There are exceptional cases like those seeking master’s degree or may have a family business to take care of or an entrepreneurial venture in mind. But the exception cases are barely 1%. For the rest 99%, a management degree is a ticket to a dream job through campus placements or leap towards career enhancements. Stakes are high as many of them quit their jobs which essentially means loss of 2 years of income, apprehension and uncertainty of the job market. On top of that, the pressure to pay back the education loans. Hence the returns have to be high. There is more than just the management degree. Colleges need to ensure that they offer quality management education which enables them to be prepared for not just the demands of recruiters and for a decent job but also to sustain and achieve, all along their career path.

  • So, what exactly are the B Schools doing to prepare their students for the job market and make them industry ready ?
  •  Are B schools ready to deliver and prepare the future business leaders to cope up with the disrupted market ?  

These are the two key questions every MBA aspirant needs to ask, check and validate before filling the MBA application forms of management institutes. And worth mentioning that these application forms do not come cheap.
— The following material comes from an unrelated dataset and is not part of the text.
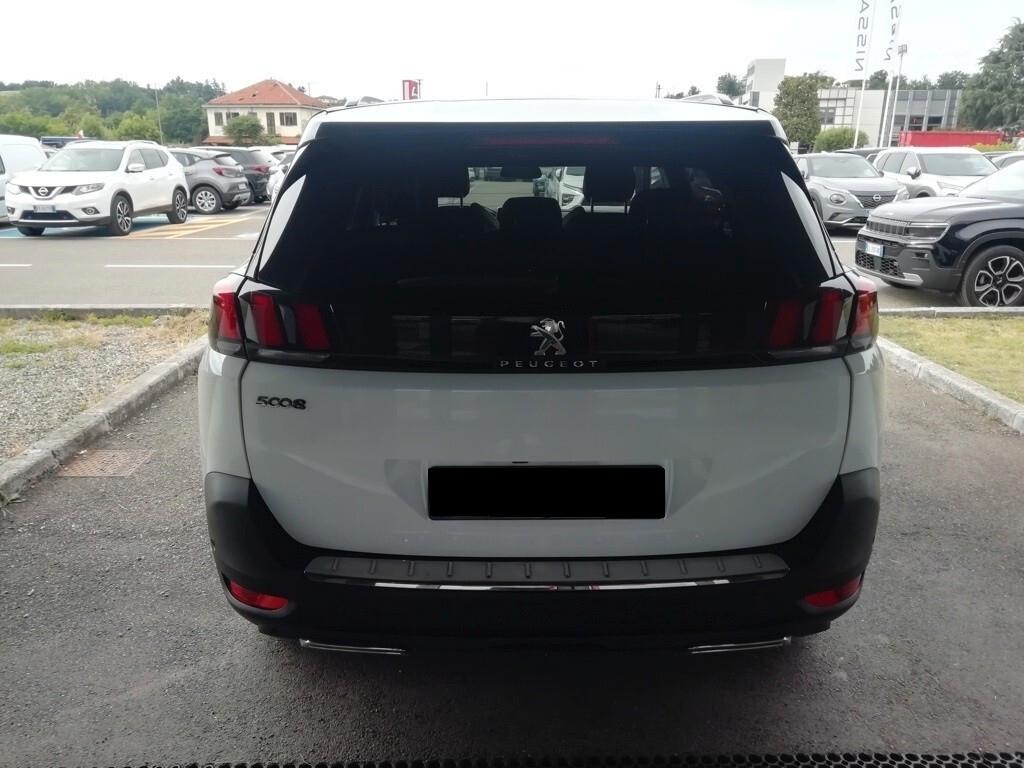 Peugeot 5008 BlueHDi 120 S&S Allure 7posti FL792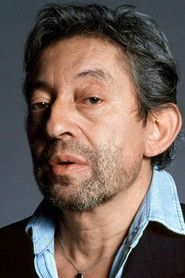 Serge Gainsbourg 头像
An MBA aspirant who may have shortlisted 5 B Schools to apply for, may end up spending Rs 10,000.00 to Rs 15,000.00 just buying MBA / PGDM application forms.

While internship and placements data of some management institutes clearly indicates that recruiters today have specific demands. The skill sets looked for are job centric and industry oriented. MBA schools which have adopted new models of delivery and technology, redesigned their courses, built an effective evaluation process and prepared the students to cope with the dynamic business scenario, have done great with campus placements despite the economic slow down.

However, the skill set being looked for by a consulting company like Deloitte or KPMG may be quite different from FMCG or a manufacturing sector. Institutes need to acknowledge this fact and act accordingly.

  • Management institutes should ensure that students are intellectually engaged, self motivated and adapt to changes fast. In one word ‘VUCA ready’.
  • B Schools should encourage students to participate in national and international competitive events, simulations of business scenarios.
  • Institutes should have the right mix of faculty members with industry exposure and pure academics.

The placement records of 2021 across top management institutes indicated the fact that recruitment is happening, skilled talent is in demand and certain management institutions continued to attract recruiters even in the middle of an ongoing crisis.

It is time, all management institutes rise to the occasion, understand market realities and identify areas of improvement at both ends – students and faculty.

After all, the stakes are high at both ends. B Schools taking corrective measures will stay while those which are lagging will end up shutting down.